It is not what I would class as very rare, not very common maybe, but when we play it is not that rare to get into the same hex (indeed with the likes of cloaked romulans it can be almost a given that you want to get into their hex in order to shoot them) and then start making decisions on what to do next, those decisions being based on understanding the rule. I expect that this ruling will have quite an effect on those decisions.

Neither would I agree it is not a change to the rule, whilst I see where you are coming from, I don't really accept that the rule says that the same hex is a hex from previous subpulses. 'in the event' 'where the firing ship' and 'are in' all indicate a strong sense of 'currently' which would mean 'the hex' and 'that hex' is the current hex not some earlier hex. It also seems to run strongly counter to the ruling you made about' same time'. On top of that it requires that you engage in unanticapted book keeping whenever you enter a same hex the first time, it may be easy enough in a 1 vs 1 duel, but in larger multi ship fights remembering who entered from which direction a couple of sub-pulses ago is not easy, we struggle to remember slips last subpulse if we forget to put down a marker, never mind relative positions from an earlier sub-pulse where no one fired so we never checked.

OK. You are the rules guy. I think the ruling makes no sense in terms of 3c6d (or for others, 'realistically'). But if you are sure it has to be that then so be it. I'll just have to agree to disagree and live with it.

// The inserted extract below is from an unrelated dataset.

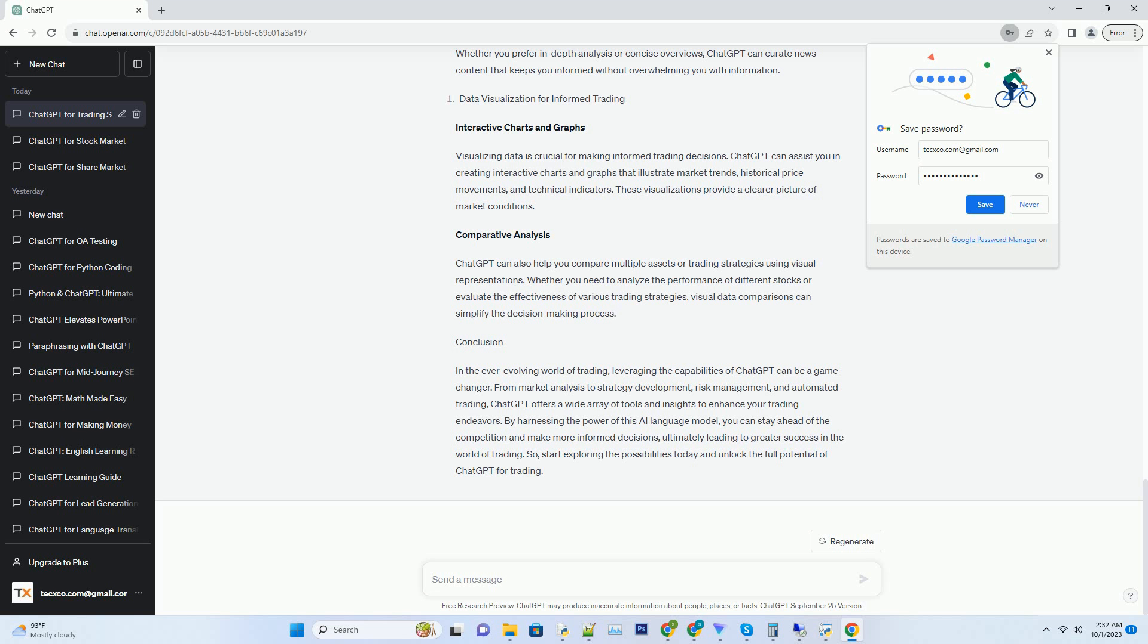Hashtag: Strategy Development. Crafting Winning Trading Strategies. Developing a successful trading strategy requires extensive research and analysis. ChatGPT can assist you in this process by providing valuable insights and helping you brainstorm new strategies.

PS I apologise if it seems I am causing a 'tempest in a teapot'. Just the mind set you get into after spending your life studying law or developing software to some specification, where in both cases being very precise about the meaning of things is a requirement, and where getting meaninful feed back on why things mean what the other person thinks is expected. Of course the precision in wording applies to wargames as well, sloppy, confusing or badly phrased rules don't make for a good game.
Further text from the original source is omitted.